Girson, who was a Habitat volunteer for 15 years before becoming interim director, knows the joy that comes from finishing a house and finally presenting it to the family.
“We have a dedication ceremony for every house. They’re emotional ceremonies,” Girson said. “We’re giving this family who, before Habitat, had no hope of owning their own home and now they do. It’s a great way for volunteers to see the results of the work they’ve done.”
An important part of becoming a Habitat volunteer is attending orientation. It teaches volunteers how Habitat was established and informs them of guidelines that need to be followed. Orientations are held every Saturday at the Hillsborough County HFH, and other orientation sessions will be held on campus by the chapter and announced at a later date. Volunteers through the USF chapter cannot attend the monthly chapter meetings until they attend orientation.
The need to keep in touch with volunteers is also another purpose for orientation, Mueller said.
“(The volunteers) fill out a registration (form). They are entered into our database, and they are sent e-mails as of now.
“Soon everything will be Web-based and volunteers can log in to our Web site and R.S.V.P. for (information on) builds,” he said.
After going through the orientation, Ghosh said, “It’s just (a matter of) volunteering (at the various builds). Any work you can do is appreciated.”
Disasters, such as Hurricane Katrina, reveal the need for non-profit organizations like HFH International and its local affiliates. In this time of need, HFH International is reaching out to those left homeless from the hurricane with its program “Operation Home Delivery.”
“The plan focuses first on helping Habitat affiliates that were hardest hit by Katrina restore some level of service,” said a press release on . “Then Habitat will seek to serve as a catalyst with other organizations, governments, corporations, foundations, etc., to bring people together to talk about low-income housing and recovery on a scale that Habitat alone would be unable to do, and third, to establish and implement a ‘home-in-a-box project.'”
The “home-in-a-box project” is where the local affiliates would come in and be able to help with the rebuilding effort in the aftermath of Katrina.
“This program holds the greatest potential for help and hope and better provides help and volunteer opportunities for people in communities all across America to have a role in rebuilding,” said Nevil Eastwood, director of programs for Habitat, in the press release on .
The Hillsborough County HFH will do their part in Habitat International’s recovery effort.
“What we’re going to do is take part in the rebuild program, which will probably start in November, and replace the homes that were demolished,” Girson said. “We’ll take one or two staff members and probably a bunch of volunteers and help them build homes and hope that they’re strong enough to withstand the next Hurricane Katrina.”
Ghosh said that starting this USF chapter is important because it can educate student volunteers about the value of hard work.
“When most people think of non-profit, they think we’re giving things away.

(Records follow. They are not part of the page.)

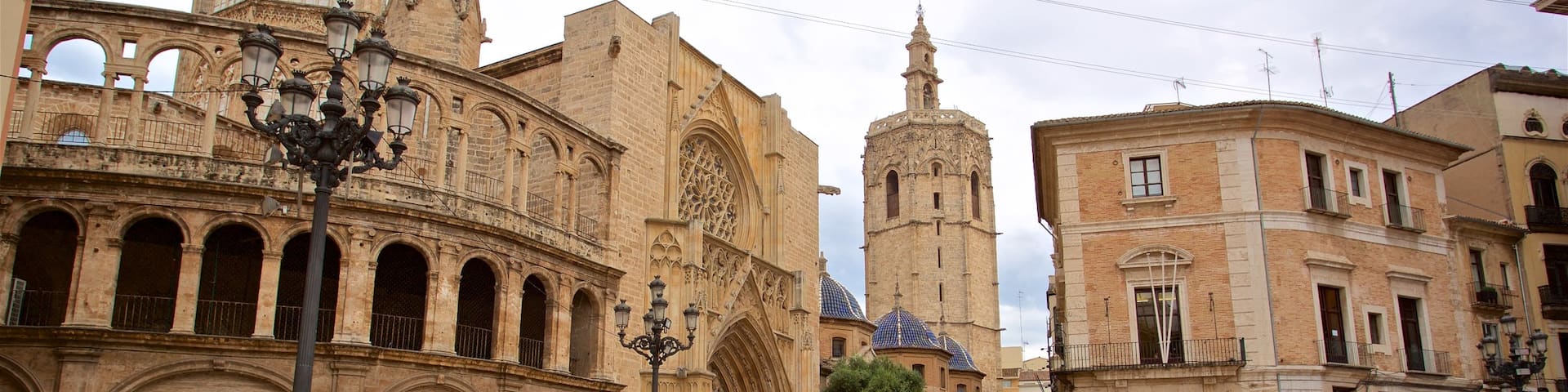 Valencia Cathedral featuring a square or plaza and heritage architecture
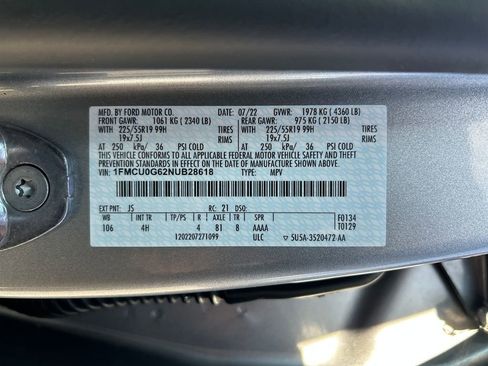 Used 2022 Ford Escape SE w/ SE Sport Appearance Package image 30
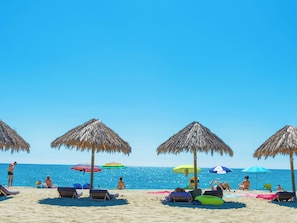 En la playa, camastros y toallas de playa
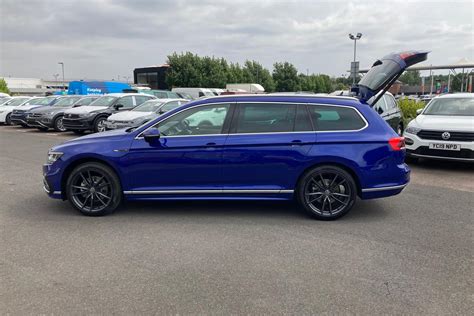 2022 Volkswagen Passat Estate R Line 1 5 Tsi 150ps 7 Speed Dsg 5 Door £32 000 10 000 Miles Lapiz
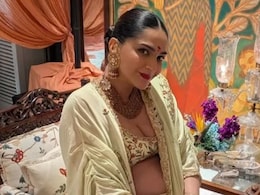 हल्का-फुल्का लहंगा, दुपट्टे से बेबी बंप ढकाकर पोज करती नजर आईं सोनम कपूर, बेबी शावर की इनसाइड तस्वीरें वायरल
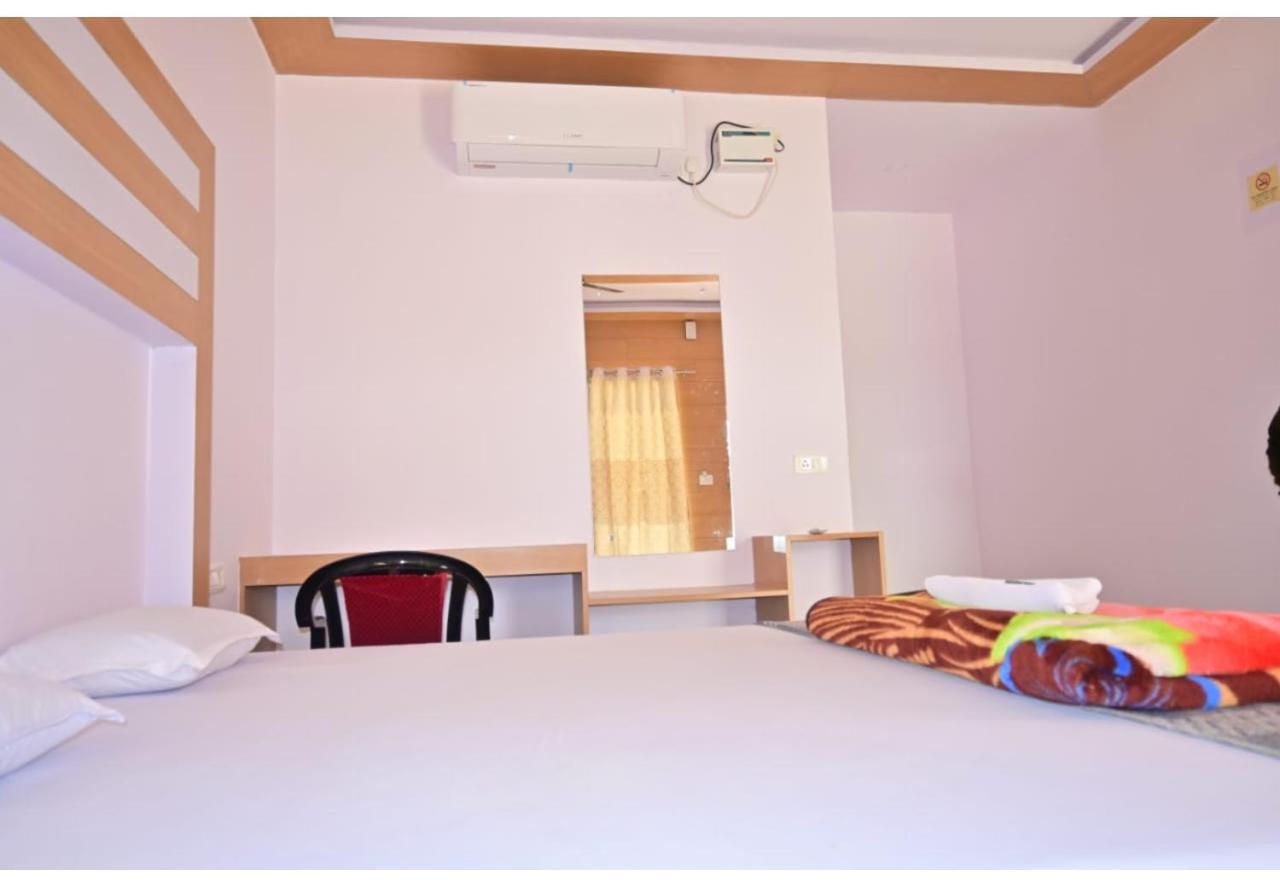 Moon Shine Garden Resort Lakshmanpur エクステリア 写真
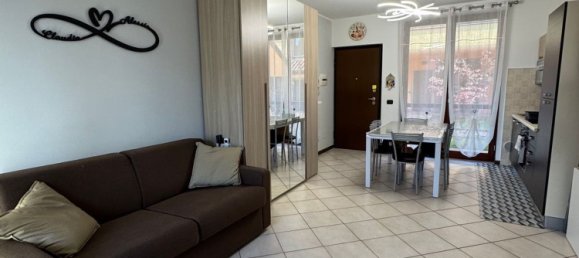 Квартира с 1 спальней в Боллате, Италия № 360495 4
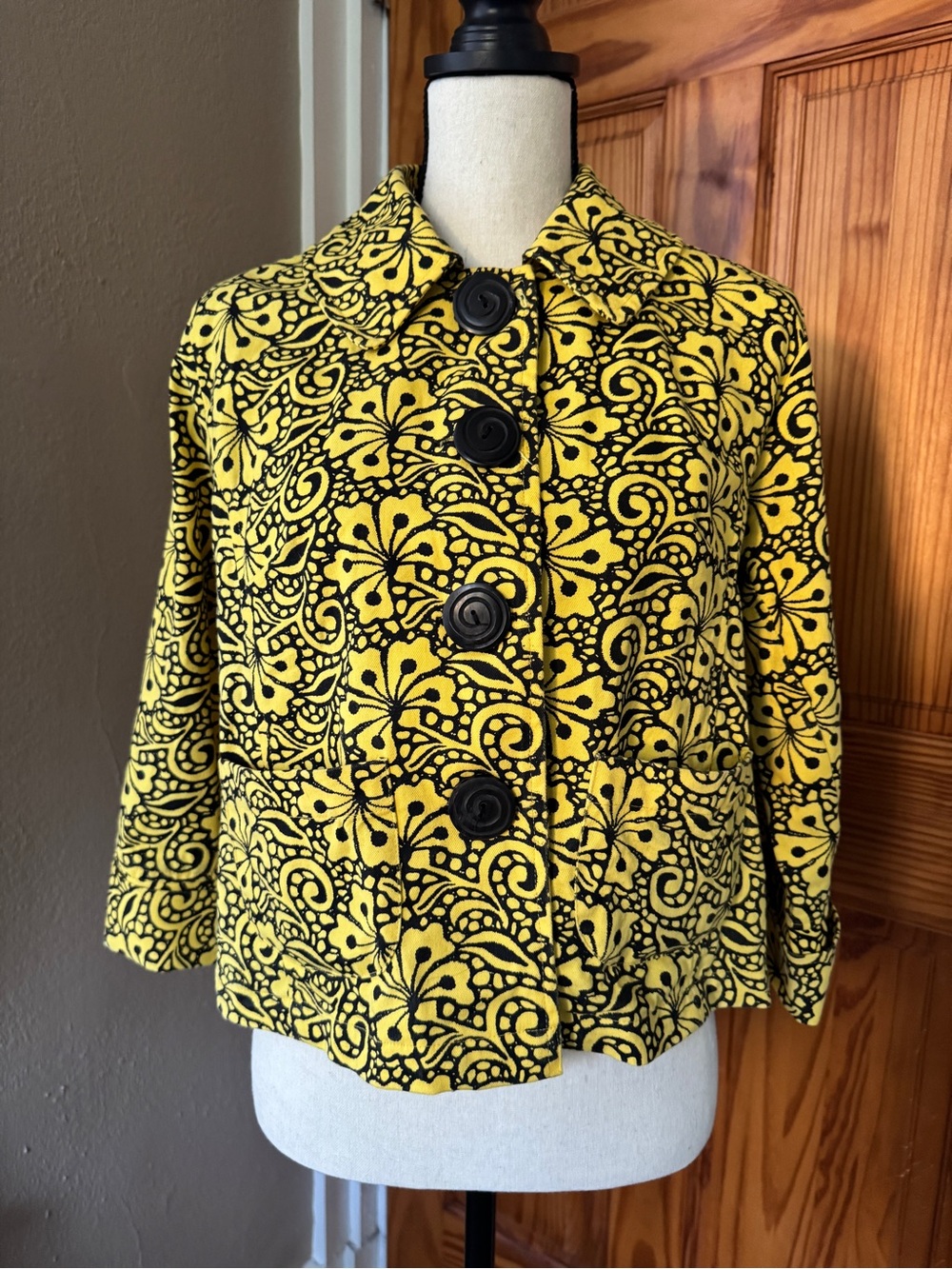 Yellow & Black Floral Pattern Cropped Jacket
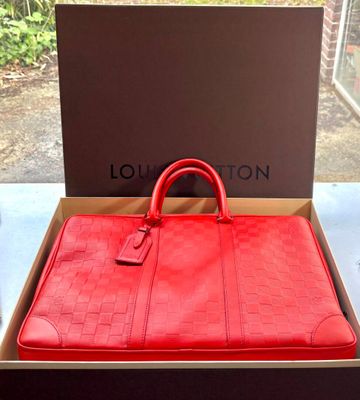 LOUIS VUITTON - Porte-document en cuir rouge orange à motif …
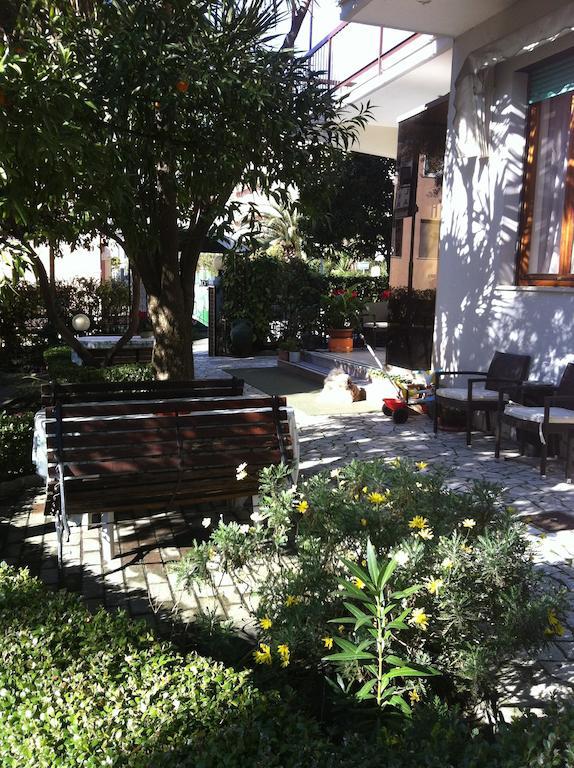 Hotel Villa Gloria Varazze Esterno foto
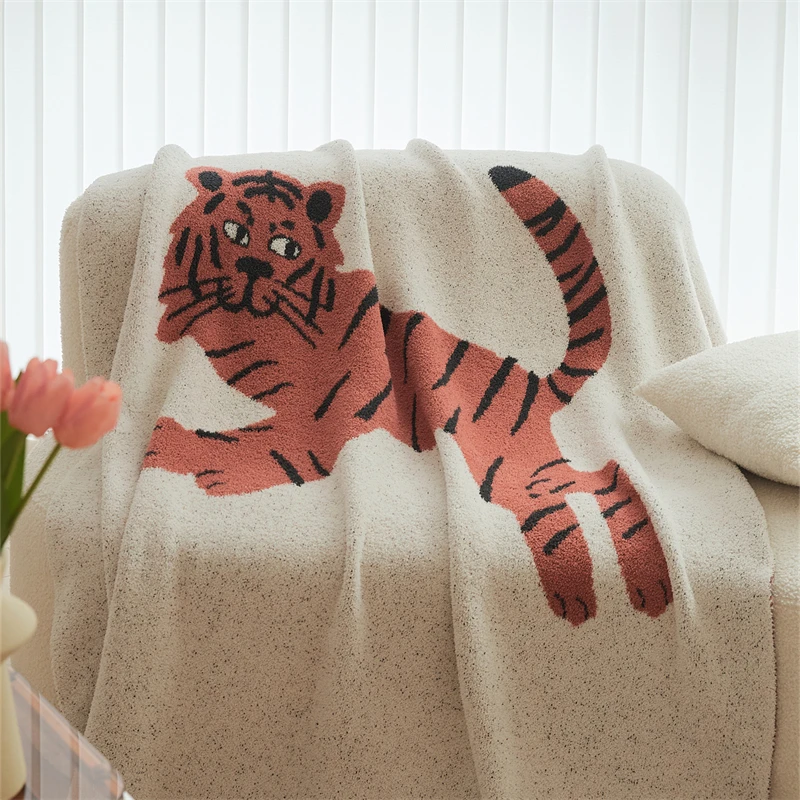 New design light weight 100% polyester cute tiger jacquard knitted throw blanket for winter home decoration sofa and travel FSH factory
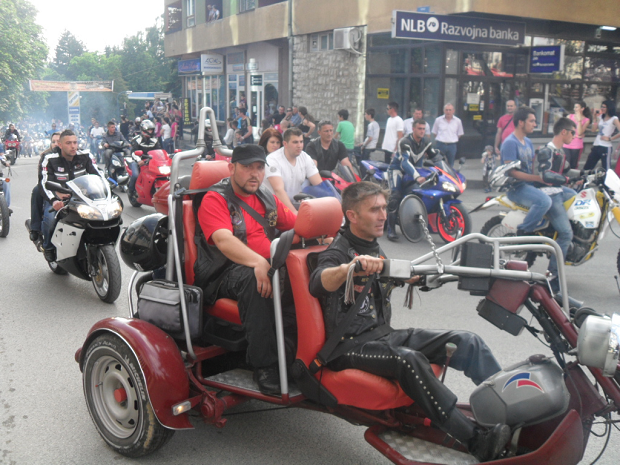 ТРОДНЕВНА 12. МОТОРИЈАДА: Паклени возачи са разних страна света у Прњавору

But these families are required to do the work,” Ghosh said. “We think that teaches the value of self-discipline, and we think that’s important for people our age to learn.”
“This is for hard-working people in the community who want to get out of government housing,” said Mueller. “If someone is willing to work towards the American dream of owning a house,” then Habitat can be there to help them and give them the hand up, not a hand out.